We have many clients who presently possess Temporary Protected Status (TPS), which is why we are keenly interested in the legal developments surrounding TPS. Our last two weeks of blogs have centered around TPS (Temporary Protected Status and the Latest Lawsuit and USCIS Rules to Eliminate Path to Permanent Residence After Traveling Outside U.S. for Temporary Protected Status Holders).
Typically TPS is given for 18 months at a time, but for the countries at issue in the lawsuit, the U.S. government repeatedly extended TPS— for at least eight years, and in the case of most countries for more than 15 years. Congress created Temporary Protected Status (TPS) in the Immigration Act of 1990, providing temporary refuge for nationals of specifically designated countries that are confronting an ongoing armed conflict, environmental disaster, or extraordinary and temporary conditions.
In a federal case appearing before the 9th Circuit Court of Appeals in California on September 14, 2020, a three judge panel ruled 2-1 that the Department of Homeland Security (DHS) secretary “possesses full and unreviewable discretion as to whether to consider intervening events in making a TPS determination.” Essentially that means that DHS has the authority to decide how long TPS lasts for recipients. Currently this decision affects TPS recipients from El Salvador, Haiti, Nicaragua and Sudan - nations which the Trump Administration terminated TPS designations of in 2017 and 2018.
According to the National TPS Alliance, the lawsuit argues that DHS's decision to terminate TPS for those country's recipients is illegal for four reasons.
- School-age U.S. citizen children have the fundamental constitutional right to live in the U.S. But they also have the fundamental right to live with—and be raised by—their parents. These rights are protected by the U.S. Constitution. The lawsuit argues that forcing these children to choose between their families and their country is unconstitutional.
- The government illegally changed the rules for how DHS determines whether to extend or terminate TPS, without any formal announcement and without going through required procedures. This type of unpredictable behavior by DHS violates the Administrative Procedure Act.
- DHS's decisions to terminate TPS were based on intentional discrimination in violation of the Constitution.

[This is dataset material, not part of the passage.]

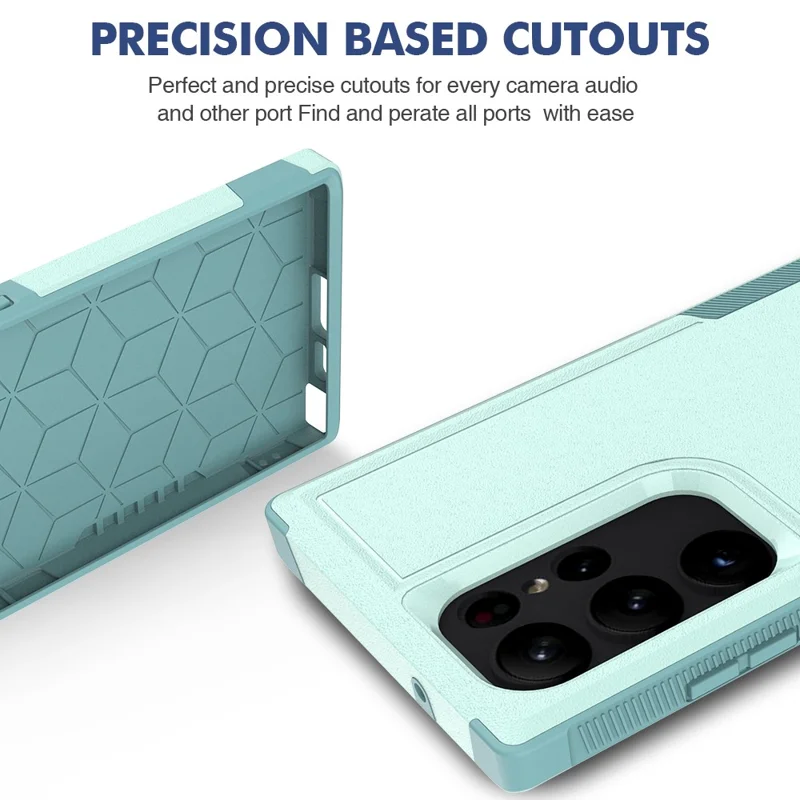 For Samsung Galaxy S23 Ultra Phone Cover PC+TPU Anti-drop Cell Phone Case - Mint Green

- DHS violated TPS holders due process rights when it applied new, unexplained standard to TPS decisions and made TPS decisions based on discriminatory reasons.

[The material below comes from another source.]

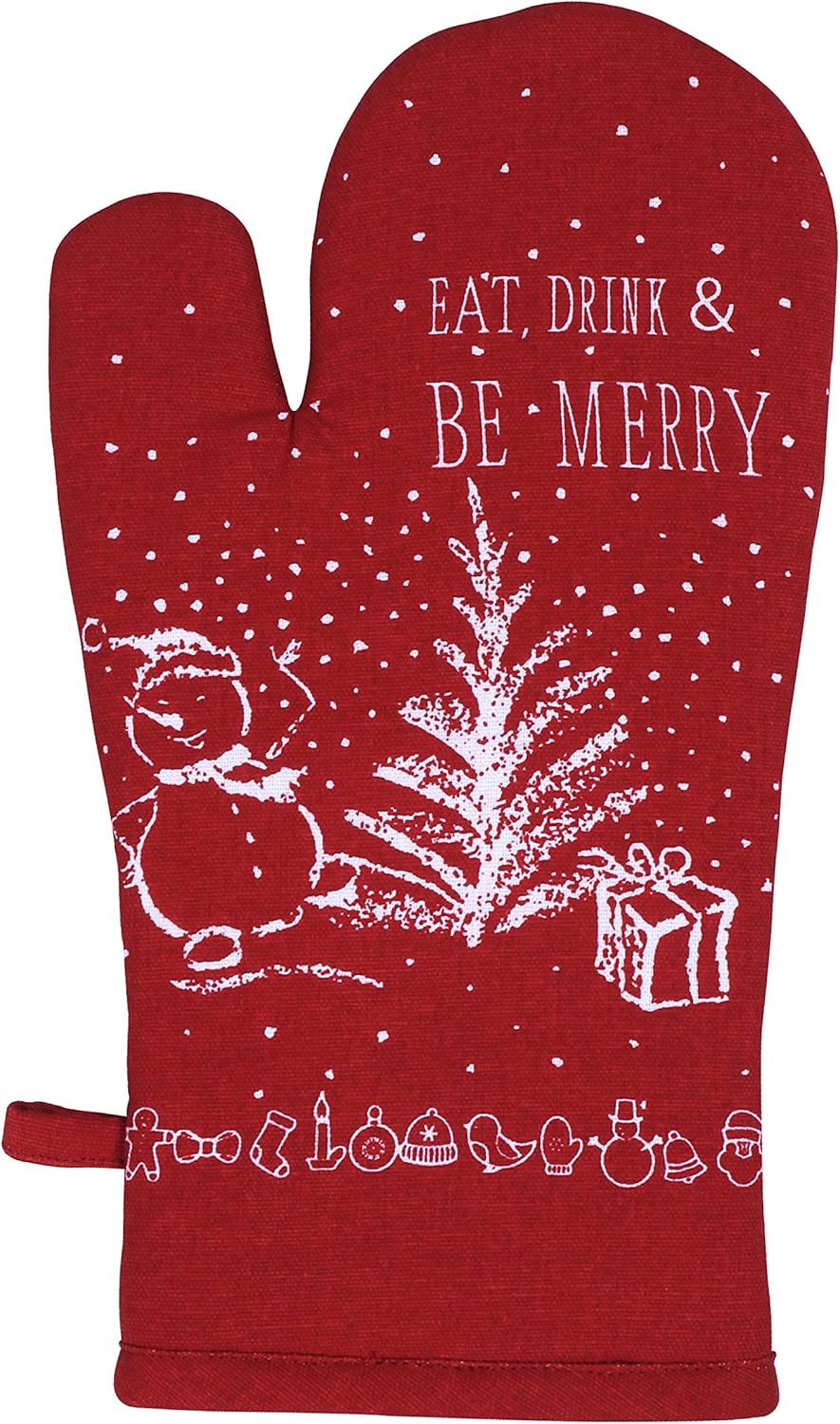 AMOUR INFINI Oven Mitts Set of 1 Quilted Liner with Hanging Loop Non Slip, Heat Resistant, Washable Reusable Oven Mitt (Christmas Party 7x13 Inches)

Currently nationals from ten countries may qualify for TPS: El Salvador, Haiti, Honduras, Nepal, Nicaragua, Somalia, Sudan, South Sudan, Syria, and Yemen. The decision made in the 9th Circuit affects citizens from El Salvador, Haiti, Nicaragua and Sudan, many of whom have lived in the United States for decades.
If the ruling is not changed and without government intervention, TPS status for approximately 300,000 people will expire on January 4, 2021. So far USCIS has not made an announcement on the decision, or related exceptions, and the Plaintiffs state that they are requesting the full 9th Circuit to review the decision.